Last week, the French mission to the Council of Europe hosted an unusual meeting between a head of state and a prisoner he helped set free. French President Emmanuel Macron, who holds the rotating chairmanship in the Council, Europe’s oldest pan-continental body dedicated to defending human rights, met with Oleg Sentsov, a filmmaker from Crimea who was arrested by the Russian authorities after the annexation of the peninsula in 2014. A military court in the Russian city of Rostov-on-Don handed Sentsov a 20-year prison sentence on bogus charges of “terrorism.” Recognized by Amnesty International as a prisoner of conscience, Sentsov — who held a 145-day hunger strike demanding the release of other Ukrainian hostages (but not himself) — became a cause célèbre, receiving prestigious awards and becoming the focus of advocacy by prominent public, cultural and political figures throughout the world.

Among the heads of state and government, Macron — even as he sought rapprochement with Moscow in other areas — became Sentsov’s most outspoken advocate, personally raising the Ukrainian’s case with Kremlin leader Vladimir Putin on several occasions. This commitment, no doubt, helped bring forward the day Sentsov was freed as part of last month’s prisoner exchange between Russia and Ukraine. “[Sentsov] is here today in Strasbourg, free. . . . Others are still waiting,” Macron told the Council of Europe’s Parliamentary Assembly at its autumn session. “Oleg Sentsov is one of those who think, like [French writer Georges] Bernanos, that the liberty of others is as important as our own.”

Indeed, others are still waiting. According to Memorial, Russia’s most respected human rights group, there are currently 308 political prisoners in the country.
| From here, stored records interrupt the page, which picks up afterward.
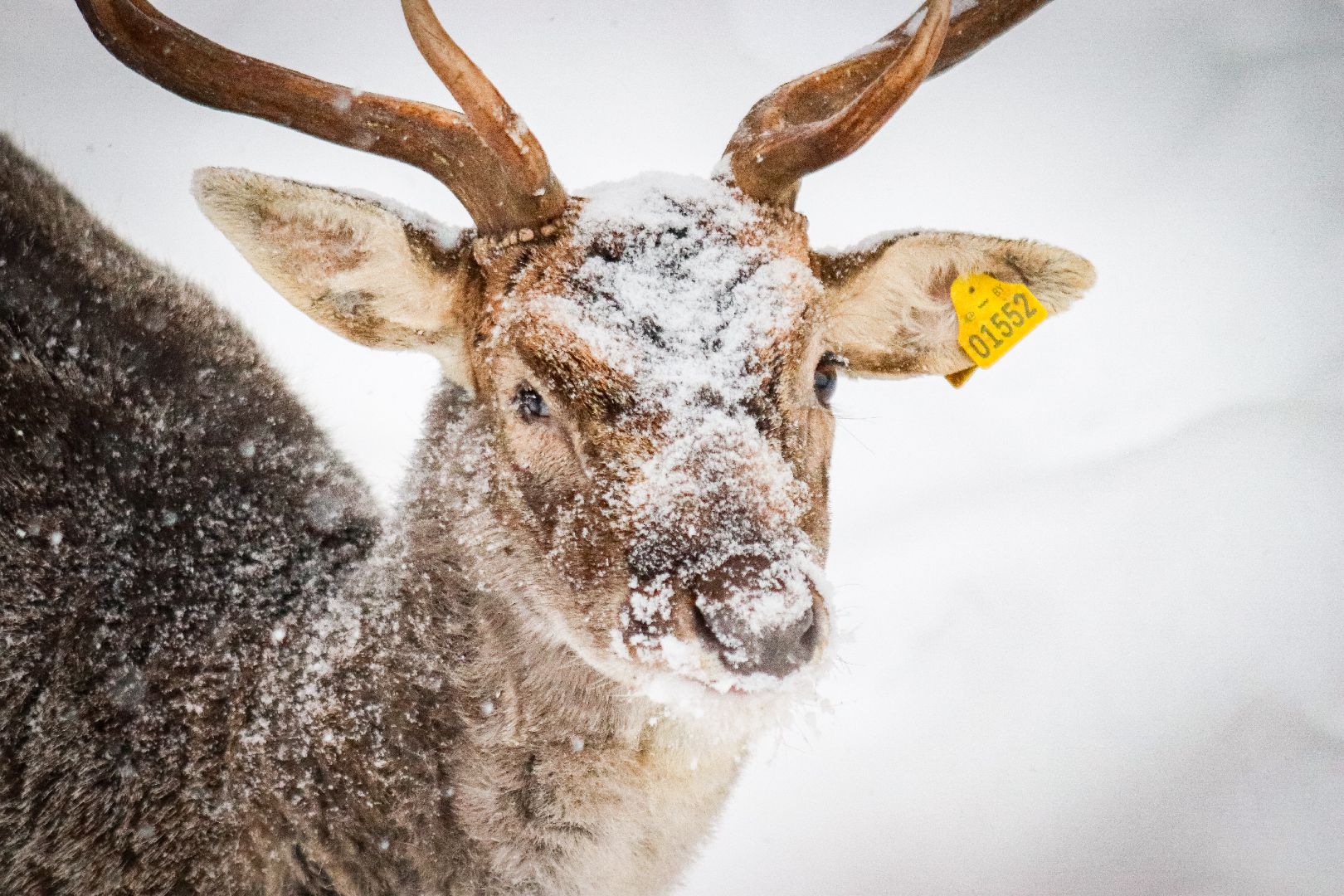 Клин, общество, животные, олени, зима в подмосковье,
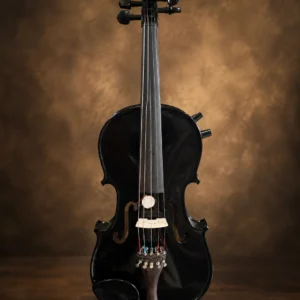 electric-5-strings-violin-1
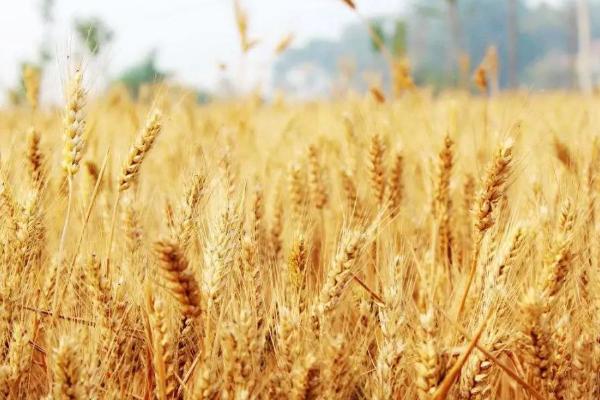 商麦178小麦种简介，比对照品种周麦18熟期稍早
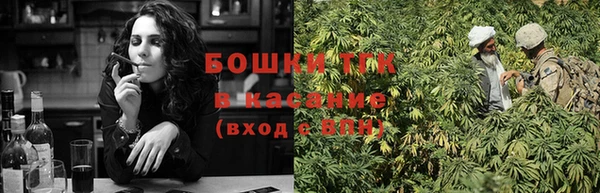 ALPHA PVP Остров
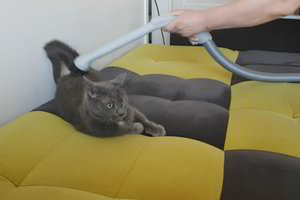 Šeimininkas nusprendė išsiurbti katiną. Štai kuo viskas pasibaigė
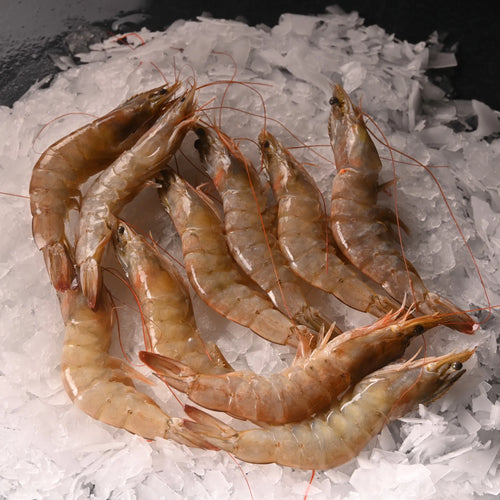 Jumbo Karides (25/30) 5 Kg Kasa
The number is admittedly conservative, as it only includes those who fit the strict criteria in the Council of Europe’s Resolution 1900 — but even this figure is shocking for a country that has ratified the European Convention on Human Rights, which expressly prohibits arbitrary arrest and detention.

Among the Kremlin’s political prisoners are journalists, opposition activists, peaceful protesters, adherents of “prohibited” religious groups (such as Jehovah’s Witnesses), and members of “undesirable” political organizations (such as Open Russia.) They include Yuri Dmitriev, a historian who has documented mass burial sites from Stalin-era executions; Alexei Pichugin, the remaining hostage of the “Yukos Affair” now in the 17th year of his sentence for refusing to give false testimony against his former superiors; and Anastasia Shevchenko, a single mother and opposition activist who became the first target of the law against “undesirable organizations.”

The list has swelled in the last few weeks, as the summer protests over the removal of opposition candidates from Moscow’s legislative elections brought harsh prison sentences for several participants. One of them, Konstantin Kotov, was sentenced to four years in prison for “repeated violations” of the law against public demonstrations; the “violations” included a one-man picket and a Facebook post. Another protester, Kirill Zhukov, received a three-year sentence for trying to lift a visor on a policeman’s helmet.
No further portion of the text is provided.